Pictures are not part of the answer. Write out exactly the lines from the one containing "VASAGLE - KAILYN" through the end of the material below.

───── Dataset excerpt ─────

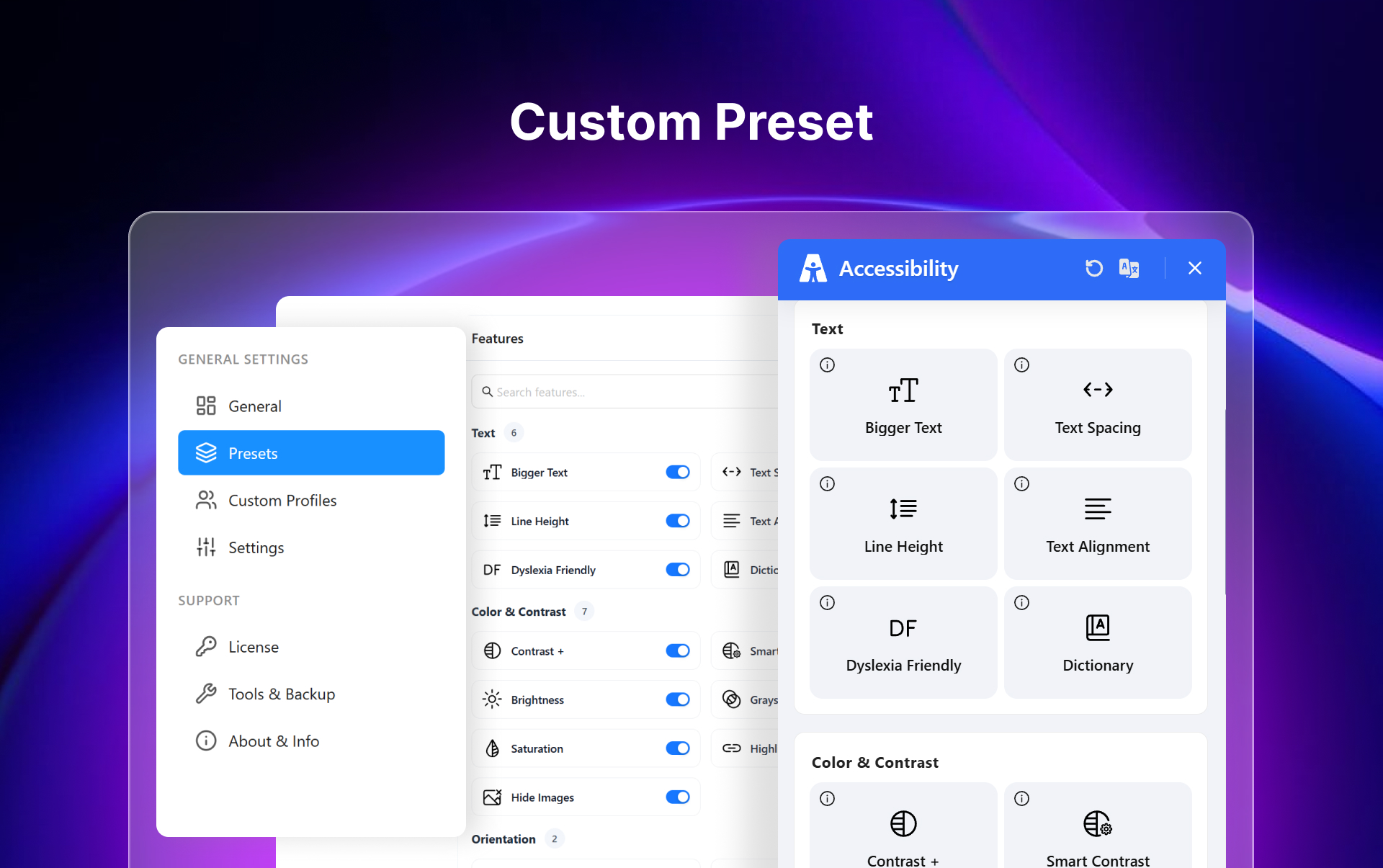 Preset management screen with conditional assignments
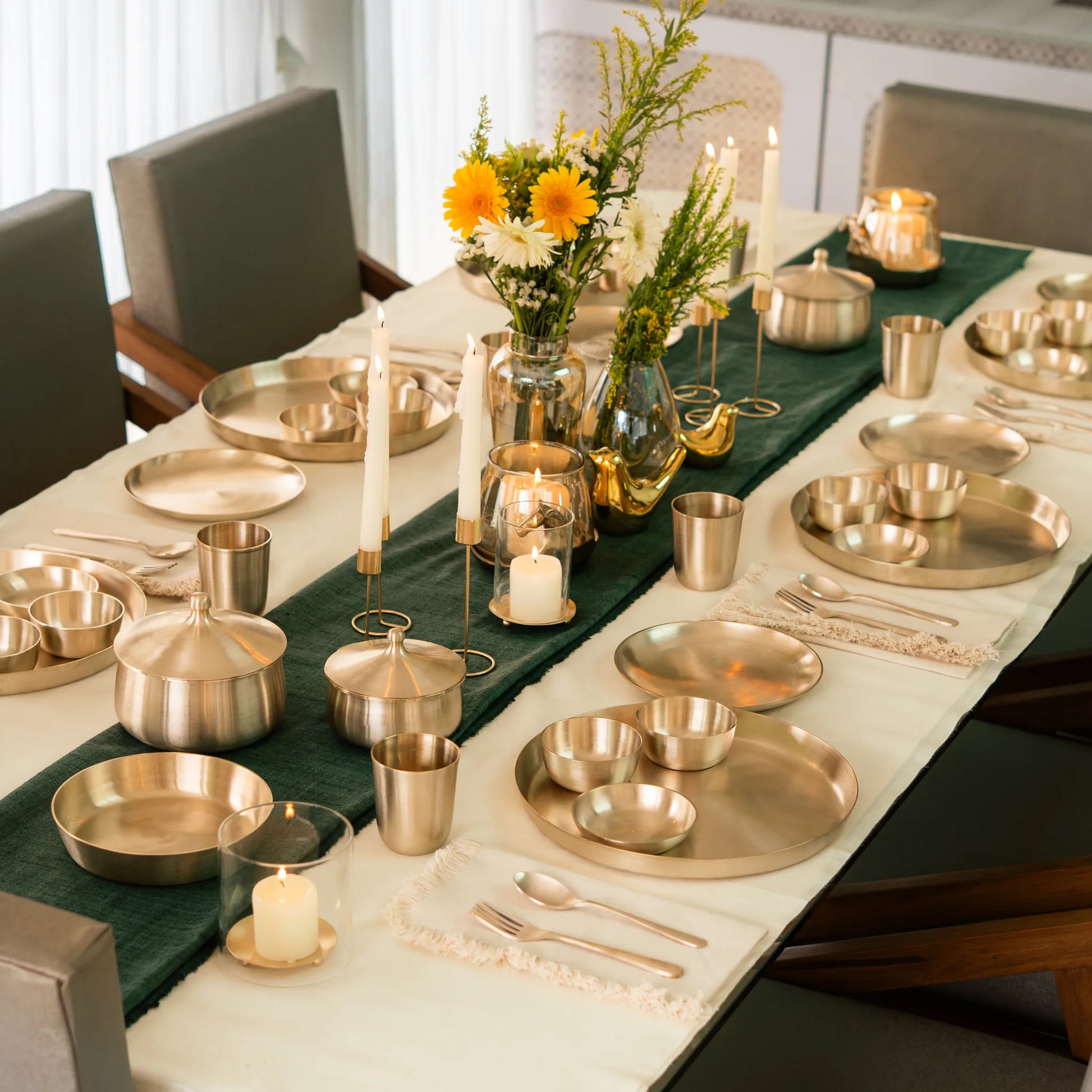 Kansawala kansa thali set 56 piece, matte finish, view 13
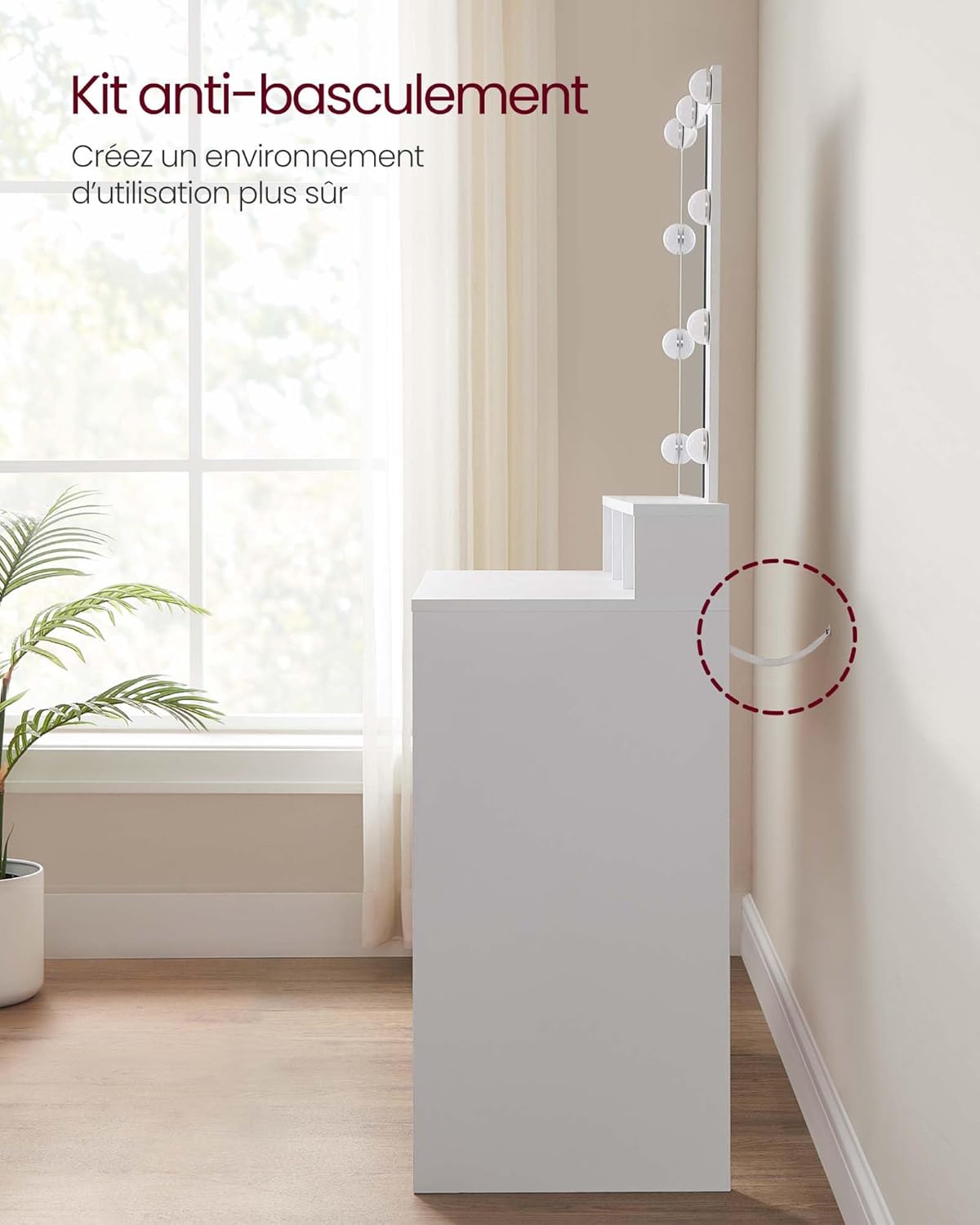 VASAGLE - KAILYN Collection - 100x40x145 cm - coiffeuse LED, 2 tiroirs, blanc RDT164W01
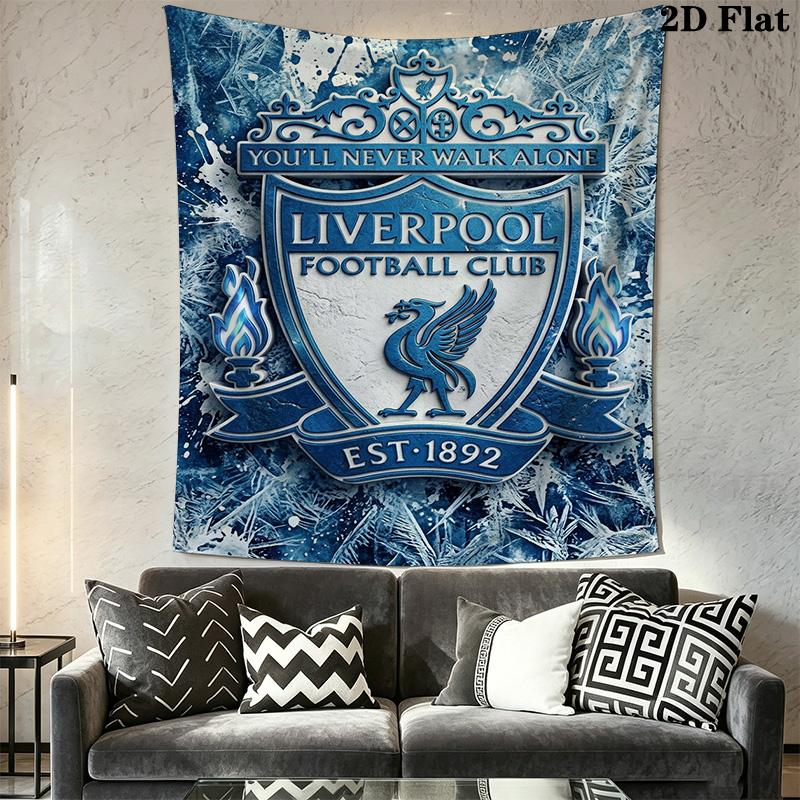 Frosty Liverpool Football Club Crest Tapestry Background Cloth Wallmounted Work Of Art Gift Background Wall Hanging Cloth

─────

**Response to this task:**
 VASAGLE - KAILYN Collection - 100x40x145 cm - coiffeuse LED, 2 tiroirs, blanc RDT164W01
 Frosty Liverpool Football Club Crest Tapestry Background Cloth Wallmounted Work Of Art Gift Background Wall Hanging Cloth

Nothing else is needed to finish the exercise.